In a statement made available to PANA in Dakar, Senegal, the press freedom watchdog disclosed that nine killings took place in France, second only to Syria as the most deadly country for the press in 2015.

"Non-state actors ranging from Islamic militants to criminal gangs have become the most lethal threat to journalists worldwide, and account for the vast majority of killing that took place in the past year," remarked CPJ's Executive Director, Joel Simon.

"Reversing this terrible trend will require delivering effective justice while also ensuring that journalists on the front line have the information and support they need to stay safe."

According to CPJ, groups such as Al-Qaeda, Islamic State, Taliban, and Al-Shabaab were responsible for murders of journalists in Syria, Iraq, Pakistan, Somalia, Turkey, and Yemen, as well as France. In Bangladesh, Islamic extremists killed a publisher and four bloggers.

The statement revealed that worldwide, more than two-thirds of the journalists killed in 2015 were murdered in direct reprisal for their work and at least 28 of the 47 murdered victims received threats before they were killed.

Six journalists were murdered in Brazil, the highest number CPJ has documented since it began keeping detailed records in 1992.
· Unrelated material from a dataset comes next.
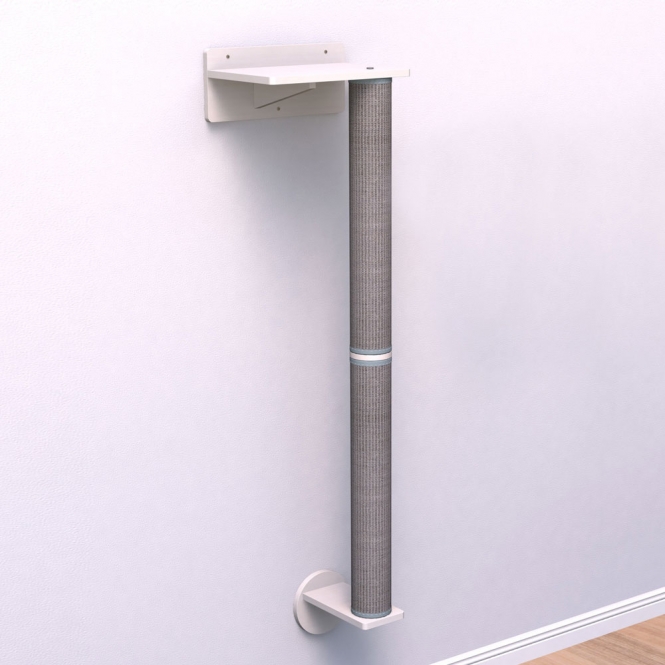 Trixie Kletterlandschaft Wand-Set 1 – Bild 3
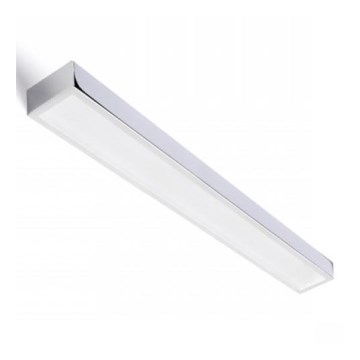 RED - Design Rendl - R11993 - Настінний LED світильник для ванної MARINA LED/9W/230V IP44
Registering for the first time on CPJ's database of journalists killed were South Sudan, Poland, and Ghana.

The press freedom watchdog also pointed out that one-third of killings worldwide came at the hands of criminal groups, government officials, or local residents - in most cases, drug traffickers or local authorities suspected of being involved with organized crime.

The statement said that the most common beat covered by victims was politics, followed by war and human rights. The broadcast reporter was the most dangerous job with 25 killed while 29 victims worked online.

CPJ's database of journalists killed for their work in 2015 includes capsule reports on each victim and a statistical analysis.

Meanwhile, the press freedom watchdog says that going by its most recent annual prison census, "more than half of the 199 journalists jailed by governments around the world are jailed on anti-state charges - showing how the press is being squeezed by terrorists on the one hand and by authorities purporting to fight terror on the other".